Extracted material START

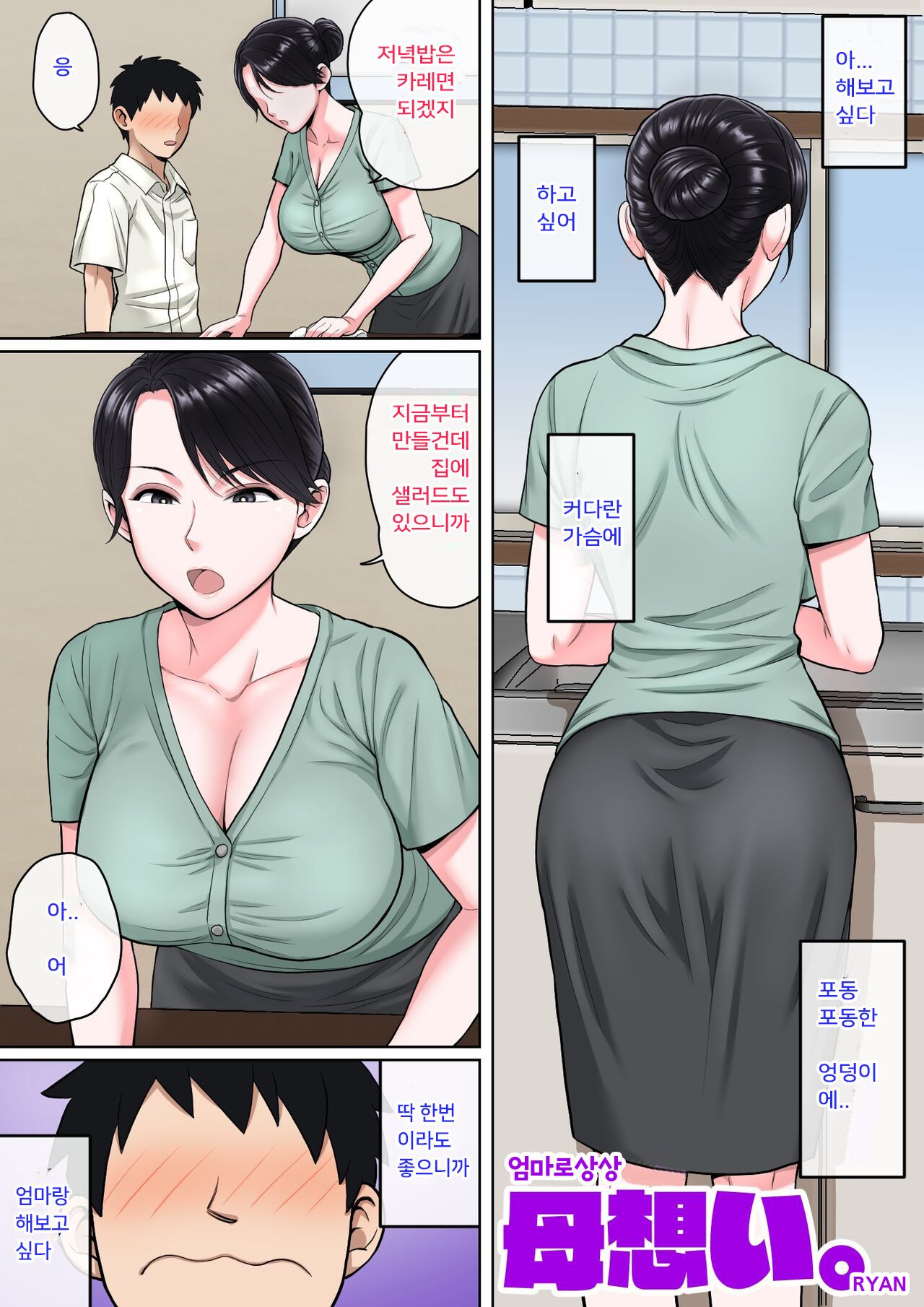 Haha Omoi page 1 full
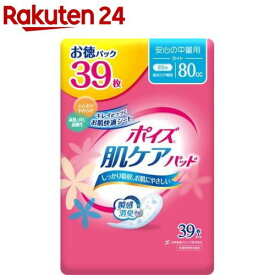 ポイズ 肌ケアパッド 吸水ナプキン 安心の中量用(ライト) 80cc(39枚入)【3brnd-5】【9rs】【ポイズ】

Extracted material END
Extracted material START

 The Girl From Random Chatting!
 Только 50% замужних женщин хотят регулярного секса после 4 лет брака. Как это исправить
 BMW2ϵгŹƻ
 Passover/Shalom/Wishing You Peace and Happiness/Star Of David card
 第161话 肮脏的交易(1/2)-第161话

Extracted material END

Your task: Look through the material above. Transcribe exactly the lines between the ones with "Haha Omoi page 1 full" and "ポイズ 肌ケアパッド 吸水ナプキン", inclusive, and keep pictures out.

Output:
 Haha Omoi page 1 full
 ポイズ 肌ケアパッド 吸水ナプキン 安心の中量用(ライト) 80cc(39枚入)【3brnd-5】【9rs】【ポイズ】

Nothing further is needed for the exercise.